# Tailgate spreader for bulk salt



## Mustang (Feb 20, 2004)

Thinking of retiring my Western Pro Flo 2 spreaders and getting something new. What's the reviews and opinions on the newest tailgate spreaders that can handle bulk salt?


----------



## magnatrac (Dec 22, 2006)

As far as tailgate spreaders go I thought the pro flo2 was great. I have never owned one but used one in the past. It has a speed control for the feed and spinner. My personal owner experience with bulk salt in a tailgate spreader was the buyer's tgs07. It worked good but was handicapped buy a one speed auger/ spinner. It you are running wide open all the time it's fine, but smaller areas it's not ideal. That said they are cheap and you should have extra cheap parts on hand. For what any of the 2 speed tailgate spreaders cost you are approaching the cost of a small electric v box spreader.


----------



## CCSnow (Jan 25, 2016)

I had a Boss Tgs600 that was decent. It has a variable spinner but didn't have an auger just spinning leaded weights. High moisture salt would stick to the sides sometimes so you would have to get out and shake the salter. Hook up and removal was easy if you kept it lubed. Love my vbx in comparison because of capacity and spread pattern but it's a lot harder to clean. Also depends how you plan to fill it. If by hand I would do a tailgate, if by machine I would do vbox. I've heard great things about SnowEx tailgate spreaders.


----------



## Alpine Snow (Nov 16, 2020)

I’ve had the BOSS TGS 1100 for several years with no issues. Very easy for one guy to put on and take off.

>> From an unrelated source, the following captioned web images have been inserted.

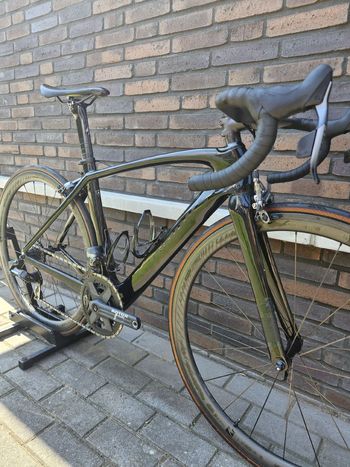 Brugt S-WORKS Custom SRAM Force eTap AXS 2015 Road & Gravel — billede 2 af 17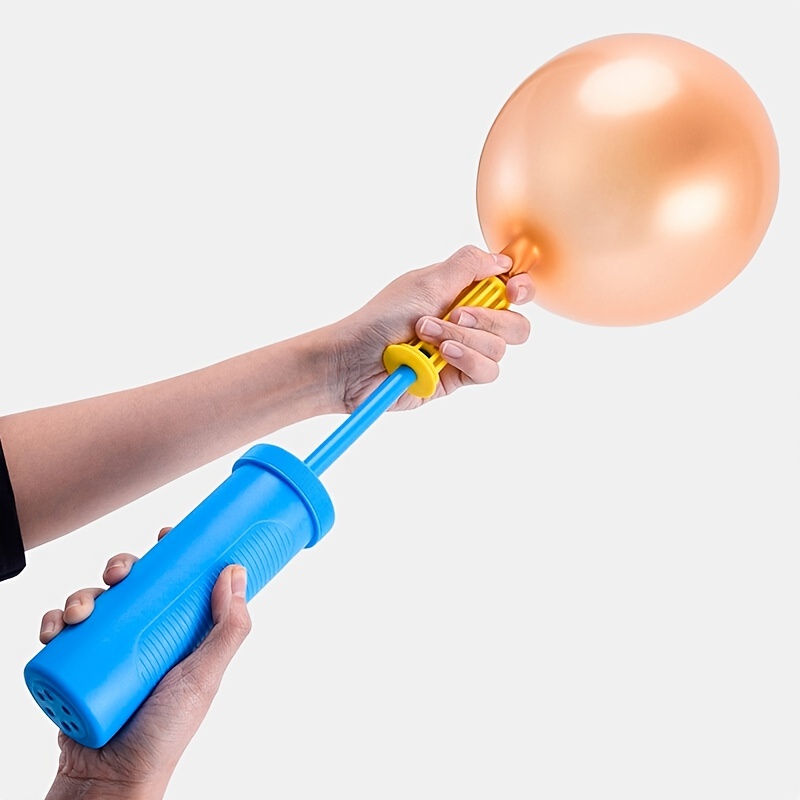 Portable Balloon Pump with Han - đánh giá và giá Balloon Pump Hand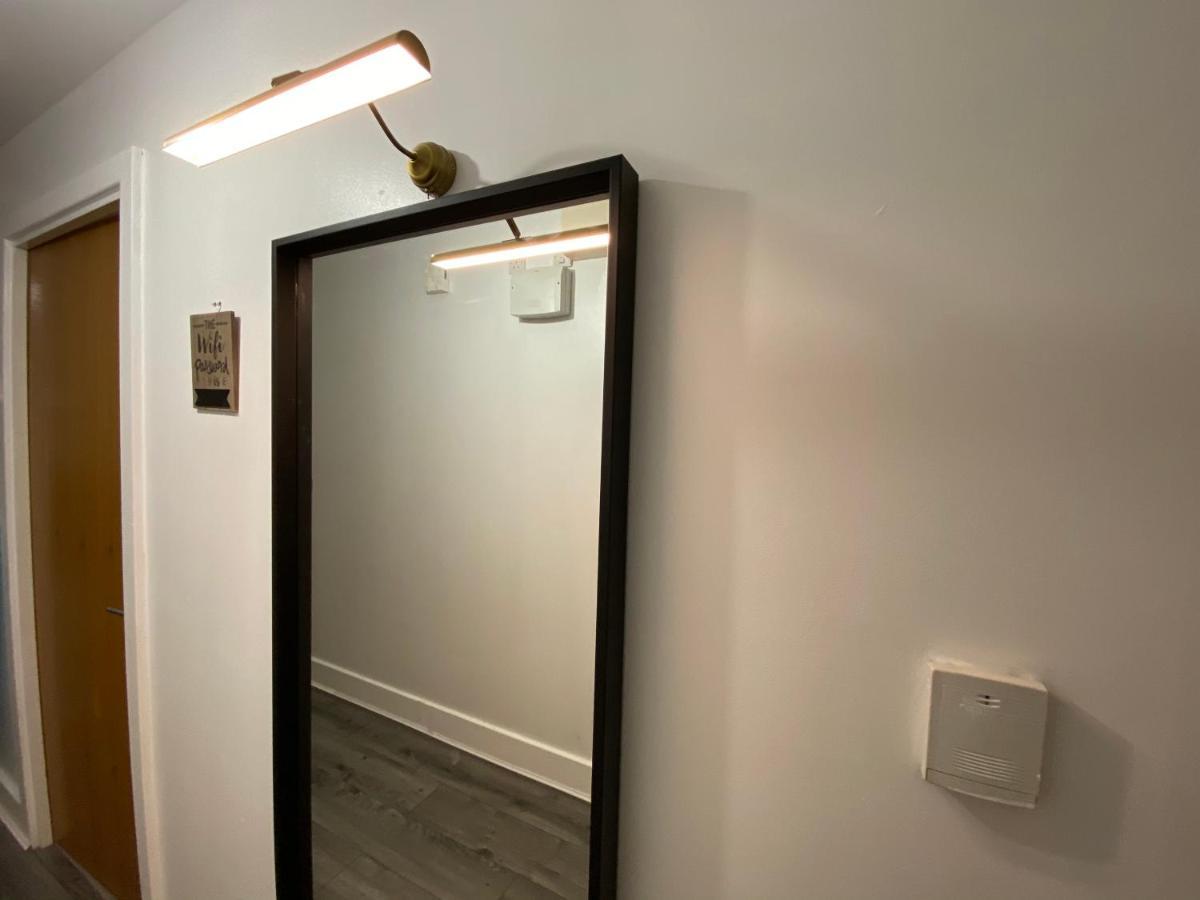 Luxe Place - Netflix & Workspace For 6 Birmingham Exterior foto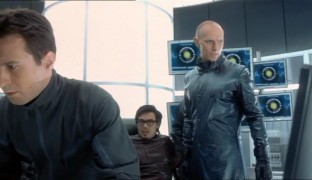 Кадр з фільму Срібний Яструб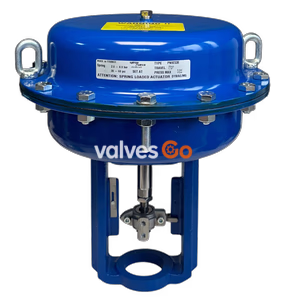 Spirax Sarco PN9000/PN9123E/PN9126E/PN9223E/PN9226E/PN9233E/PN9236E/PN9336E/PN9337E Pneumatic Actuator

It has the auger.


----------



## 715Plower (Jan 14, 2015)

I bought a Western 2500 and installed a vibe on the frame with a toggle switch. When the salt stops spreading flip it on and any bridging issues are resolved.


----------



## Ol Shayner (Nov 29, 2020)

I have a 6 cubic ft. and 8(new, not used yet) arctic but the mount, frame, and motor assembly are the same on both, just hopper size itself is different. I am 100 % happy with the way they work, the way they hook up to or remove from truck, and ease of control, I've always used bagged salt, never bulk and only issue I ever had/have is large hard clumps of salt will fall in and stop flow of salt to the anger.


----------



## firerookief18 (12 mo ago)

Ok question: I have 2 salt dog tgs 5 yd- has anyone made a block off plate to stoop spillage once you turn the spreader off? Both of mine continues to spill salt out all over the ground when I turn mine off. I was thinking of fabricating a simple stainless steel slide plate to block the opening while I’m not using it or em route to the next site. Any thoughts would be appreciated.


----------



## Kman2298 (Dec 24, 2015)

I also have a salt dog tailgate salter with a vibrator. I love the design with the auger. Very simple easy to use and the vibrator comes in handy. If the salts wet it will get clogged very easily. I have only been using a mix of bag and bulk salt thats completely dry in it.


----------